When I got home, the van was back at the bottom of the driveway and pointed OUT toward the street. She had enlisted the help of two neighbors to right the van somehow. But the icy conditions on our sloping drive caused two people to fall during the van extraction. I cautiously parked on the side of the road and got to work attempting to clear the driveway for use.
It became clear that the ice was pretty bad. I nearly fell and when I hit the sloping part, I had almost no traction at all. I began sliding and just gave up. I parked both cars at the end of the driveway out of the road and hopefully clear of any plowed, thrown snow. (HA!! See above for the likelihood of that happening, apparently.) Lynda put down some ice melt and we waited.
The older girls played outside in the afternoon for a while until their feet got cold and then they and the neighbor girl came over and made a mess of the house for the rest of the afternoon. I occupied Hannah once she got up from her nap and I reconciled myself to the fact that I was counting this as a vacation day and would NOT get any work done. Lynda tried her best to work, work, work, and catch up while kids played around her. (I kept Hannah in the basement for the most part.) It was a wearying, stressful, difficult afternoon.

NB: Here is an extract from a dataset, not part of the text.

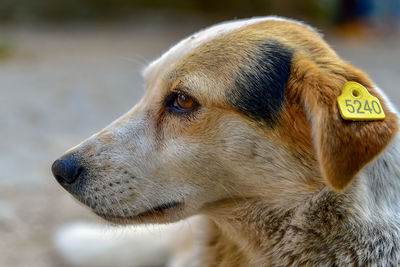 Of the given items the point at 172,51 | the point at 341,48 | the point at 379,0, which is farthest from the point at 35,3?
the point at 172,51

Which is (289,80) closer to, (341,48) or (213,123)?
(213,123)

Eventually, I got back outside and hacked away at the melted, slushing ice enough to get both cars safely back up the slope and into the garage. (Hopefully we make it back down again tomorrow with no significant difficulty.) I'm mentally done for the day and just want to watch TV.
*****
I noticed during this day that when I get angry and stressed by the unpredictableness of weather, kids out of school, no work getting done, weary of snow-blind driving . . . when I get in this stirred up, surly mood, I try to maintain order. That usually means I start picking up messes and folding laundry. But that usually means I must first stomp around griping about the messes being left by kids who abandon one lump of toys in this room to go play with toys in THAT room and then mutter about all the laundry. THEN I grudgingly start picking stuff up, throwing papers away, folding things, and attempting to make something in an unsettling, flag-cracking day, make sense to me.
2 comments:
Wow! This was worse than last year when we were there for Hannah's birth. Makes me glad I live in GA.
Nana
the thought of you driving through those awful conditions to get your eyes checked is hilarious!